What is at the core of the Apple-Beats enigma?
Apple is moving to reposition itself at the intersection of desirable technology and aspirational fashion, anticipating a future dominated by wearable technology
At the beginning of 2013, Canadian Blackberry maker RIM was being crushed by competition from the iPhone and Android, and was crying out for a change in strategy.
So there was a lot at stake when, at a splashy New York press event at the end of January 2013, then chief executive Thorsten Heins made some big announcements: it was rebranding as Blackberry, it was launching new flagship devices, and finally it was unveiling a new global creative director – Alicia Keys.
Yes, that Alicia Keys, purveyor of piano ballads and winner of many Grammys.
It was at that moment I knew for sure that Blackberry was toast – it was patently obvious that the Keys appointment was a desperate attempt to signal some sort of “relevance”, an effort to assert some sort of “cool”. But cool, it need hardly be said, can’t be bought.
I couldn’t help but be reminded of Alicia Keys: global creative director when I first heard about the rumoured $3.2 billion acquisition of Beats by Apple, especially with suggestions that Beats founders Jimmy Iovine and Dr Dre will be joining Apple as executives.
The news led to record levels of bafflement among the technology commentariat, for a number of reasons.
For one thing, it is entirely out of keeping with Apple’s history of acquisitions – they usually spend modestly for specific technologies and talent that then become subsumed into the company. Their previous record acquisition was way back in 1996 when the beleaguered company splashed out $400 million to purchase NeXT and bring Steve Jobs back to the company he founded.
But most of the confusion is because it is utterly unclear what exactly Apple boss Tim Cook is splashing out $3.2 billion for – is it the notoriously overpriced headphone brand, the young and not very successful Beats streaming music service, or the human capital in Iovine and Dre?
Some have been quick to draw parallels between Apple’s high-priced products and Beats’ high-priced cans, but Apple’s devices are the best-designed and best-made in their class, while Beats headphones are arguably most famous for not being very good at all. In fact they are a sort of Veblen good, in that they ostentatiously signal a Beats owner is willing to waste a lot of money as an exercise in affiliation and status signalling.

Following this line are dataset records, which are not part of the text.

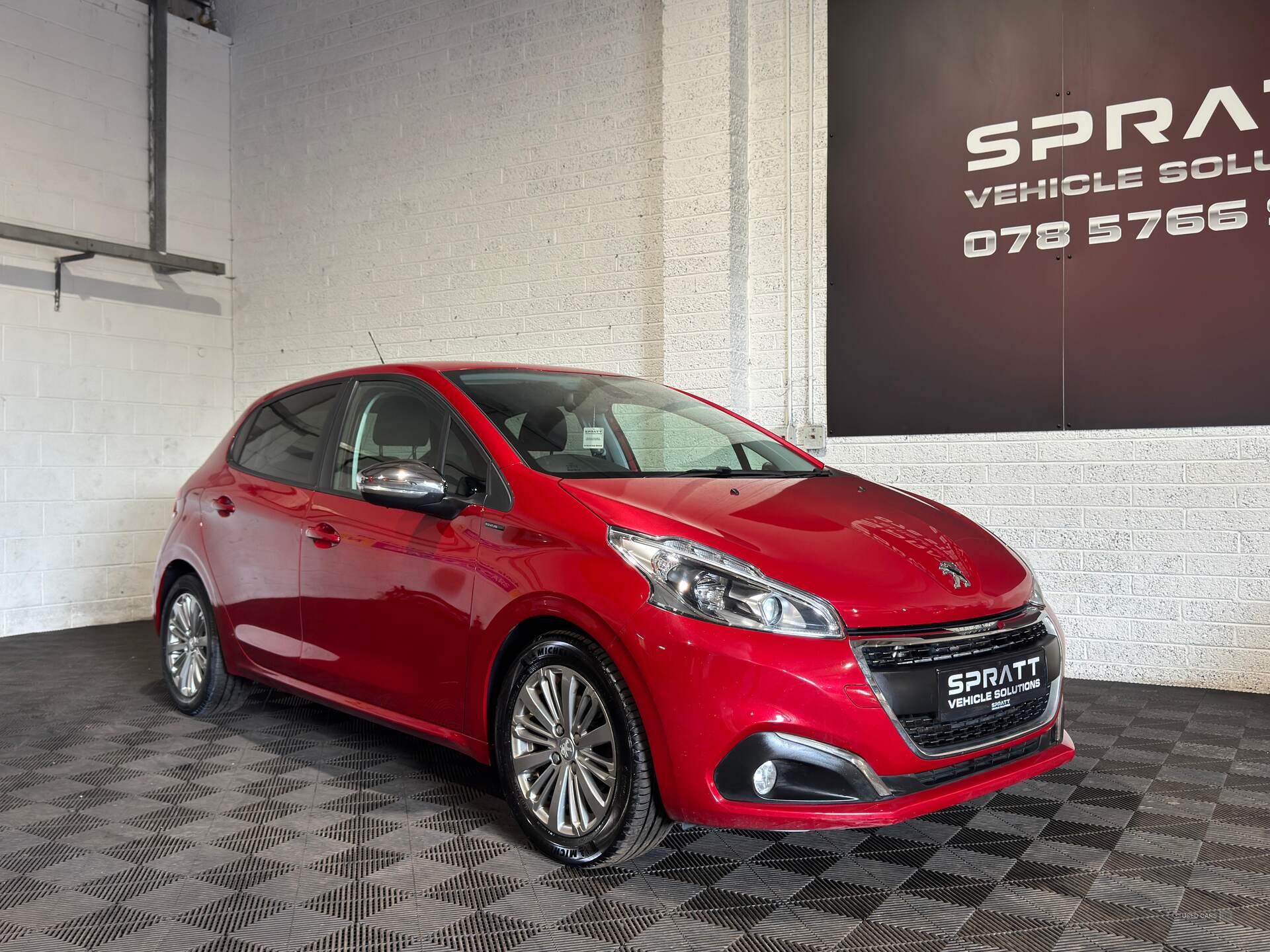 Jun 2019 Peugeot 208 1.2 PureTech 82 Signature 5dr [Start Stop]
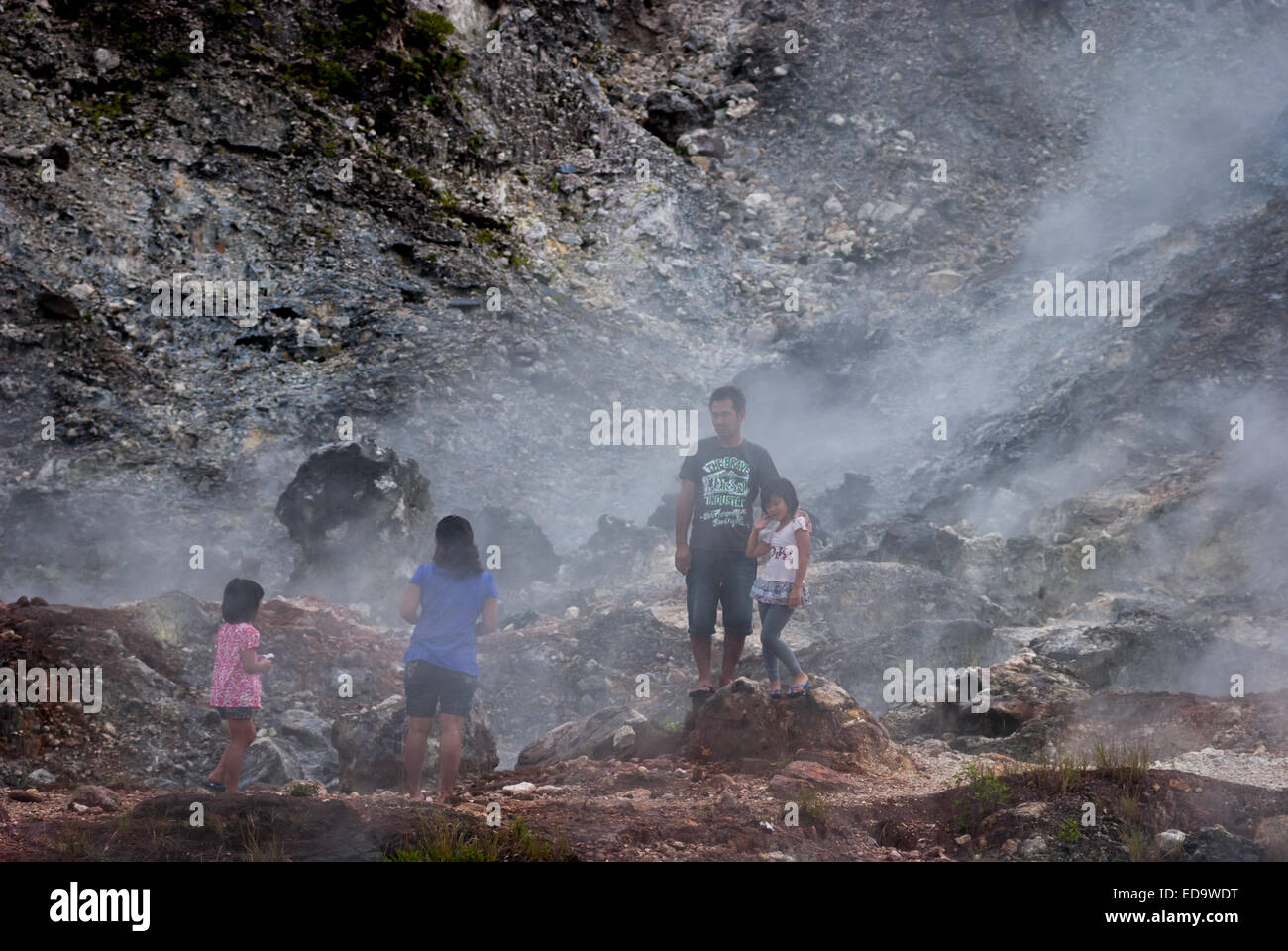 Besucher können sich auf dem Fumarole Field im Bukit Kasih, einem beliebten Touristenziel in Minahasa, North Sulawesi, Indonesien, erholen. Stockfoto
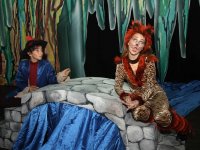 KARŞIYAKA'DA TİYATRO DOLU GÜNLER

As for the music streaming service, it seems any acquisition would require a renegotiation of licenses with the record labels, rather undermining the point of buying it. And in any case, it’s unclear to me what exactly is stopping Apple from properly developing their iTunes Radio into a Spotify-like streaming service.

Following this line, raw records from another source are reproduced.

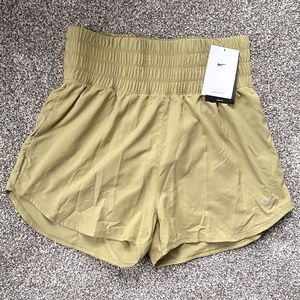 Nike Training Shorts NWT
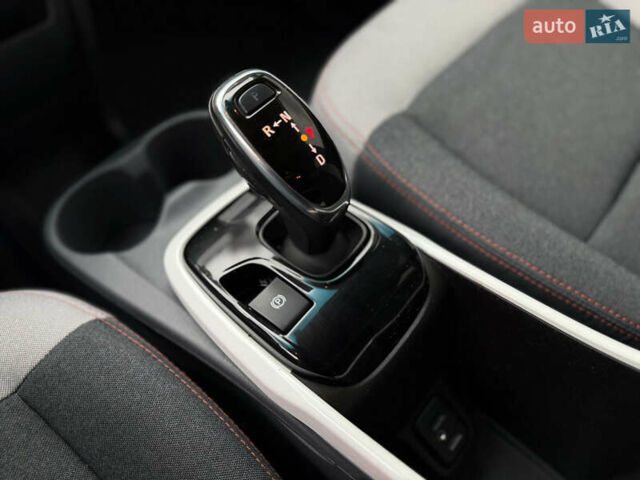 Серый Шевроле Bolt EV, объемом двигателя 0 л и пробегом 82 тыс. км за 13500 $, фото 58 на Automoto.ua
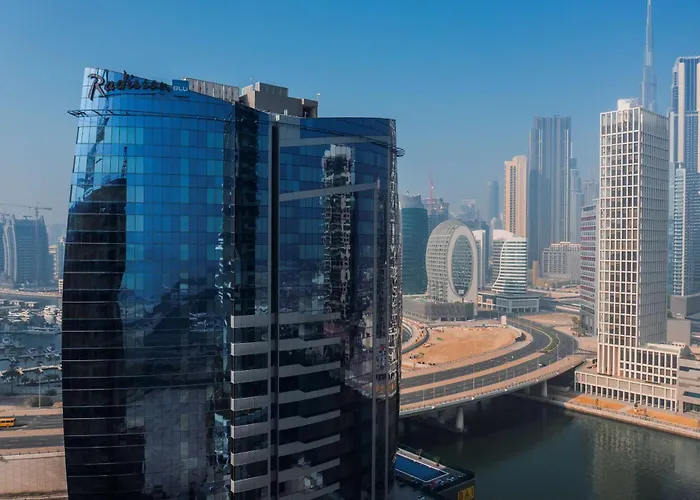Dubai Spa HotelsRadisson Blu , Canal View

And finally there is the talent. Dr Dre is more experienced at this stuff than Alicia Keys, admittedly, but unlikely to have too much responsibility thrust his way once he gets a title at Cupertino.

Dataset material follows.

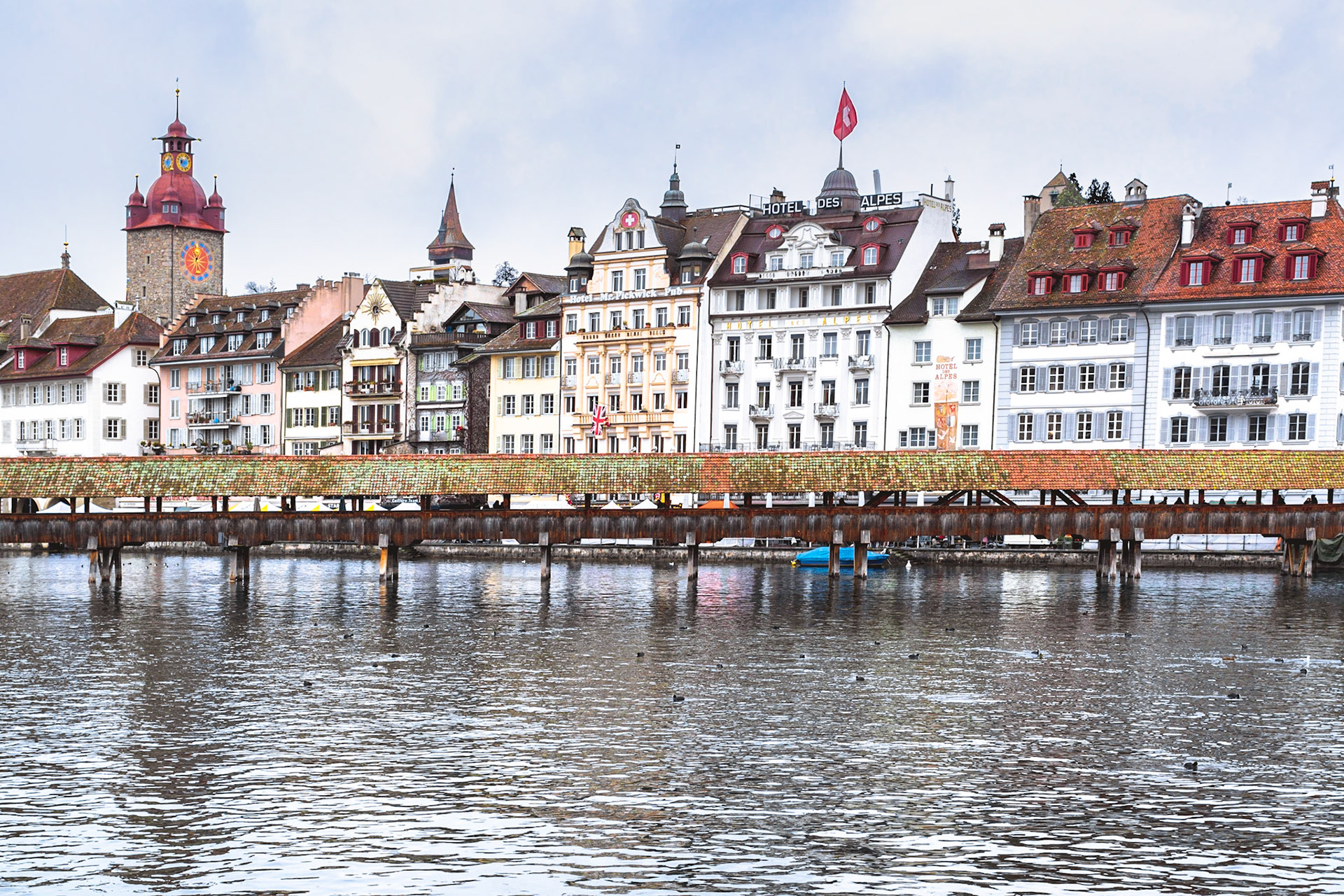 Kapellbrücke Lucerne: Lucerne and its famous footbridge. Landscape. Colour. Printed on Hahnemühle GermanEtching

Iovine, on the other hand, is one of these well-connected music industry impresarios, hugely influential and notoriously canny. He was also a friend of Steve Jobs, apparently, so he at least has some first-hand awareness of Apple’s culture – as a result, most of the speculation around the deal focuses on what Iovine will bring to the executive table.
Perhaps the thinking becomes clear when seen in conjunction with the hiring of former Burberry chief executive Angela Ahrendts to lead Apple’s retail efforts. Harking to the “Beats as a Veblen good” observation, suddenly a certain pattern emerges, stocking senior management with executives whose experience is in cultivating fashionable brands rather than technology products.
In that light, it’s possible to see this acquisition as part of Apple’s move to reposition itself at the intersection of desirable technology and aspirational fashion, anticipating a future in which wearable technology becomes the dominant computing platform.
As the ever-astute Ben Thompson put it, is Apple reinventing itself as “the sort of company that seeks to transcend computing, demoting technology to an essential ingredient of an aspirational brand”?
This deal is fascinating because it marks the first definitively post-Jobs move by Tim Cook. Since the founder’s premature death in 2011, Cook has done an excellent job of sustaining the company he left without ever offering a convincing vision for the future.
This move marks an abrupt change of direction, and in a direction that is hard to parse. It raises concerns, however, because it signals a sharp departure from Apple’s culture of laser-like focus on doing a few things well, and that culture has served it exceptionally well since the NeXT acquisition nearly 20 years ago. Maybe it needs to make such a transition, and maybe Cook will prove to have the long-term vision to go along with his operational expertise, but at this stage I can’t help but feel there’s more reason for scepticism rather than confidence.